■ **TASK DATA**

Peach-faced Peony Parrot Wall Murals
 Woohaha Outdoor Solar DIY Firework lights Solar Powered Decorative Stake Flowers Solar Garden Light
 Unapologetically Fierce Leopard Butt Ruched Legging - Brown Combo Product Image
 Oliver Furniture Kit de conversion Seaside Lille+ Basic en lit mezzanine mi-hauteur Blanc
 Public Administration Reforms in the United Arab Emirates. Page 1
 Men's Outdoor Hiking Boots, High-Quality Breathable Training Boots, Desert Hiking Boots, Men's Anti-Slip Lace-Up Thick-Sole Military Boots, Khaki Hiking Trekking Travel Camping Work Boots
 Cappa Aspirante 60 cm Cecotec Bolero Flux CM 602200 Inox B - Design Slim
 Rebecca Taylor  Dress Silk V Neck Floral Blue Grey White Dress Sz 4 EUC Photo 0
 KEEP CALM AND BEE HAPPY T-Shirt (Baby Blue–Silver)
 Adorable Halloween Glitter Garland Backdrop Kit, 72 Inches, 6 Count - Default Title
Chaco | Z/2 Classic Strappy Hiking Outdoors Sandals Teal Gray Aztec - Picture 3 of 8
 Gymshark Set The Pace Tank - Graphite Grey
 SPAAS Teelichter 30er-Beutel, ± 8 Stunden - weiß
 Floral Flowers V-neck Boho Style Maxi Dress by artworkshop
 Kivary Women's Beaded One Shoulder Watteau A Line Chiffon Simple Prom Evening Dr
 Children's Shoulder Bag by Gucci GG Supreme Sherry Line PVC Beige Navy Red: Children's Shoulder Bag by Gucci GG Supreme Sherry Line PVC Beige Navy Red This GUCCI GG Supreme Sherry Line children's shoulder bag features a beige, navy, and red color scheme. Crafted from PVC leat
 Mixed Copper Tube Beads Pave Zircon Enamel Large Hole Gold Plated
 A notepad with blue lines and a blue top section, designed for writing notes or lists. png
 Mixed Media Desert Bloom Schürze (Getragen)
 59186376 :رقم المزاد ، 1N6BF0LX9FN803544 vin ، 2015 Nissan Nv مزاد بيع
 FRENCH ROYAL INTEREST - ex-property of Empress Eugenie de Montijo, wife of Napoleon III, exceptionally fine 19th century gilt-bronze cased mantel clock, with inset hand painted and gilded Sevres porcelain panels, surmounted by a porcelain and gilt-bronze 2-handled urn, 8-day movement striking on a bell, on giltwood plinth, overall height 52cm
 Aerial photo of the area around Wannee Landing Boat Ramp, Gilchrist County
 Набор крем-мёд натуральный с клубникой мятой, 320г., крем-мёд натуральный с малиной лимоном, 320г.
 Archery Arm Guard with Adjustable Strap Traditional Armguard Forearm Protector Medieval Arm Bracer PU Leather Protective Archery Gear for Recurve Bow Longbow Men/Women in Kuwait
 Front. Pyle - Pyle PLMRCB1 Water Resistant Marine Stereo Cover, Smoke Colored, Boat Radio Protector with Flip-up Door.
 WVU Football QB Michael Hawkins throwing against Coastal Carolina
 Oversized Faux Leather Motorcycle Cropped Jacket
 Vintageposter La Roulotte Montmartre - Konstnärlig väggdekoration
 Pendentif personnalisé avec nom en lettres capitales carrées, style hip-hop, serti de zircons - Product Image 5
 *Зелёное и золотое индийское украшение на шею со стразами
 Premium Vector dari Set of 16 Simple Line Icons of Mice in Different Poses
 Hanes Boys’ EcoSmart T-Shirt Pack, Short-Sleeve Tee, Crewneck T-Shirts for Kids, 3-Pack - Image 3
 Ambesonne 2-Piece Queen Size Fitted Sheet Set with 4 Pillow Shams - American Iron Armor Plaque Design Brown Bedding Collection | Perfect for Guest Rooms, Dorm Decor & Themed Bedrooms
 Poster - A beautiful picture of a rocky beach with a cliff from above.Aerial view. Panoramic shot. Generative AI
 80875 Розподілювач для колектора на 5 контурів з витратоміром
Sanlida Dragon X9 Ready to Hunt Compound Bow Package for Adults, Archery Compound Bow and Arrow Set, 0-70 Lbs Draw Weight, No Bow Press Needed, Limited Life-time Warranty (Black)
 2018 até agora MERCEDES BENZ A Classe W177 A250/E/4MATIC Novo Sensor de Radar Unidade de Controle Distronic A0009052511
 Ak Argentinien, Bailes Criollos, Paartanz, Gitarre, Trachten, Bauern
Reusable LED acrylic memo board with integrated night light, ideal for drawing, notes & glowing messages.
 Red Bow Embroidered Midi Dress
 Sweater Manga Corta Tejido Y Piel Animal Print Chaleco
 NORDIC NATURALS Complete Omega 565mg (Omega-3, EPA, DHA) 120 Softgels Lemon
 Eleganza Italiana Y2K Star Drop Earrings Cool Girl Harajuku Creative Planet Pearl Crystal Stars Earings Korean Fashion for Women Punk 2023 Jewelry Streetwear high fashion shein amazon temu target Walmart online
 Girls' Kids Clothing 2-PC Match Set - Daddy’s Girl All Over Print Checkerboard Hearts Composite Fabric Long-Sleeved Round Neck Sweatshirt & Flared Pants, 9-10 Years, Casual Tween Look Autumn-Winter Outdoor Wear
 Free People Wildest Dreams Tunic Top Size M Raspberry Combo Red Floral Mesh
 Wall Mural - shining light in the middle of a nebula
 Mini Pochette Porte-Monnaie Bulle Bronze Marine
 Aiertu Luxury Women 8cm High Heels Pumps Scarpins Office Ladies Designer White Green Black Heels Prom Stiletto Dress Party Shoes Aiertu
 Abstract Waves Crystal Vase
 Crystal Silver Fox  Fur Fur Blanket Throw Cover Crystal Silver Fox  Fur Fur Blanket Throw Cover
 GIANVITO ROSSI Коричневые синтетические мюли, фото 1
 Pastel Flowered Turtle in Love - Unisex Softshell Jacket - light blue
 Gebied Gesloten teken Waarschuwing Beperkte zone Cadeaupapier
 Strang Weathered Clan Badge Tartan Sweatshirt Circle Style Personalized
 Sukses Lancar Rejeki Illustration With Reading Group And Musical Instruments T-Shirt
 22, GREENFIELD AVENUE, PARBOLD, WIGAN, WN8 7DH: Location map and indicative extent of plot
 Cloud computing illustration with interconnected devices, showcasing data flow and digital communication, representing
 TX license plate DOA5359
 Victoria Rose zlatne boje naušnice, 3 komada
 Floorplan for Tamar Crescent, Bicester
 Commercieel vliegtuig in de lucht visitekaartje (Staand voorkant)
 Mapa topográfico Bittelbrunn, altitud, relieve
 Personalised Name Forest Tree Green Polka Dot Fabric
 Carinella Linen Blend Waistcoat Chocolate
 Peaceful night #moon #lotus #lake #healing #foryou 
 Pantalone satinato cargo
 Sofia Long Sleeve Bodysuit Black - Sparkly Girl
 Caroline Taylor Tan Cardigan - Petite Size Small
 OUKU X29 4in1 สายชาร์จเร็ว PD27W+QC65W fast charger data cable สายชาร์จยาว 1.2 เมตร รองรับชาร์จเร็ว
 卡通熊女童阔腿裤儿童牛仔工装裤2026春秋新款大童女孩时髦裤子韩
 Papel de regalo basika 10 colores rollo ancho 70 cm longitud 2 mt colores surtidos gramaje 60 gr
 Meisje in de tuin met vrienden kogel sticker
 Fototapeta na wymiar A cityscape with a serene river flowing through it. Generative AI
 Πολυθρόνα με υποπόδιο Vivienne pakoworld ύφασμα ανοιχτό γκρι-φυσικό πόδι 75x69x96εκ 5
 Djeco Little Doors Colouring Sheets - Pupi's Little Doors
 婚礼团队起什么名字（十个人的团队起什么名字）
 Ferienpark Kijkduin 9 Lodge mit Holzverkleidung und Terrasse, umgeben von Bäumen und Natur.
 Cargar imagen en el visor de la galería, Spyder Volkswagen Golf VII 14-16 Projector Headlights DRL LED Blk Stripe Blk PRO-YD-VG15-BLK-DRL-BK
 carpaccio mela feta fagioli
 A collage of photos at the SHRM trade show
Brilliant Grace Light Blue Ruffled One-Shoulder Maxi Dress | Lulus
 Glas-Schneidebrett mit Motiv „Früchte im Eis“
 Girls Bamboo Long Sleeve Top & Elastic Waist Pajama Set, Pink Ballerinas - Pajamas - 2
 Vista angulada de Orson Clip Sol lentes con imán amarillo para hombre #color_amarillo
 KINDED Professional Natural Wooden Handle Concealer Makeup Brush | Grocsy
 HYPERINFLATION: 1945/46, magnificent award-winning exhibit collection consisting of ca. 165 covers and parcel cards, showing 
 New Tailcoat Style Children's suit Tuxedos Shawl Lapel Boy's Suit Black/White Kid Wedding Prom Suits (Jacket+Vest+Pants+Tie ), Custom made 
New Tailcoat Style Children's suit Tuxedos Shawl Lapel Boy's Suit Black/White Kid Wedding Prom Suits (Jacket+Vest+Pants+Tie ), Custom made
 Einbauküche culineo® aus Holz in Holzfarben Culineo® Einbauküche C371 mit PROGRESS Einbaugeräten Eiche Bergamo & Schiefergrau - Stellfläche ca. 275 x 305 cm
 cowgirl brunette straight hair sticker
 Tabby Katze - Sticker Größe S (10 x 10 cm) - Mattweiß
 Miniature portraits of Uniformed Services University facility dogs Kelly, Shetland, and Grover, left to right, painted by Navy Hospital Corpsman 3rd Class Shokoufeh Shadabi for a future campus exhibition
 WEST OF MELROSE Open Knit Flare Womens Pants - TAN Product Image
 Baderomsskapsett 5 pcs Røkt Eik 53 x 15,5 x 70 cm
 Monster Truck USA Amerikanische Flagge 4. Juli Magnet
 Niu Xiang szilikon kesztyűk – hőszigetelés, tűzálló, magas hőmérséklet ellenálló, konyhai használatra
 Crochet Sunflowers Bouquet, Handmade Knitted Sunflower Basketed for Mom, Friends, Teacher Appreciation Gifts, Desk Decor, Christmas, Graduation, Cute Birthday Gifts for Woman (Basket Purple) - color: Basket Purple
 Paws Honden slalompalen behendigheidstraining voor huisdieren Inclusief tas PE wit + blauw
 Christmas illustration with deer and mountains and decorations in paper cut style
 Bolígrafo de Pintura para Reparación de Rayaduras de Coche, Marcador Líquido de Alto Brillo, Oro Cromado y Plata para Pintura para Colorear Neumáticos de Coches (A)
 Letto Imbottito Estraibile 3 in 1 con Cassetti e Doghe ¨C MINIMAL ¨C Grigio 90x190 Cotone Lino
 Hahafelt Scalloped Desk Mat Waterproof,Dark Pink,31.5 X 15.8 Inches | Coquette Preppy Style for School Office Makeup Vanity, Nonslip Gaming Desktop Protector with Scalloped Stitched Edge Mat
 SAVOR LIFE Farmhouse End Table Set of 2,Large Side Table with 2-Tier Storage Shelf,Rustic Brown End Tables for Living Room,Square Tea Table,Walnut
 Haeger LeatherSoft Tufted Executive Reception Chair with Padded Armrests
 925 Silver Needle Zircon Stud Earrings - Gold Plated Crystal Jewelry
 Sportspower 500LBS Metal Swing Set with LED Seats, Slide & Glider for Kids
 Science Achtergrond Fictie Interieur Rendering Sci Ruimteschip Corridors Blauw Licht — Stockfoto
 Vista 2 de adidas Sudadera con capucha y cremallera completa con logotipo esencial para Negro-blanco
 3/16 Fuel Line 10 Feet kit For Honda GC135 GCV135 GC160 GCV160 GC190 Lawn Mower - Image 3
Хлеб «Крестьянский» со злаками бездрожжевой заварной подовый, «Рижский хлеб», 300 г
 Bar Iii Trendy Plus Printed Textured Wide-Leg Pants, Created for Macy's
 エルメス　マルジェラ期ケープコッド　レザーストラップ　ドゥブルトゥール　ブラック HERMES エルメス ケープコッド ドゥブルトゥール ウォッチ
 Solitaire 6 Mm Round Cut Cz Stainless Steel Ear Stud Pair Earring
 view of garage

■ **EXERCISE PROMPT**
Using the entries above, extract exactly the span from the line with "Girls Bamboo Long" to the line with "HYPERINFLATION: 1945/46, magnificent", both lines included; leave out everything else.

■ **WRITTEN ANSWER**
 Girls Bamboo Long Sleeve Top & Elastic Waist Pajama Set, Pink Ballerinas - Pajamas - 2
 Vista angulada de Orson Clip Sol lentes con imán amarillo para hombre #color_amarillo
 KINDED Professional Natural Wooden Handle Concealer Makeup Brush | Grocsy
 HYPERINFLATION: 1945/46, magnificent award-winning exhibit collection consisting of ca. 165 covers and parcel cards, showing 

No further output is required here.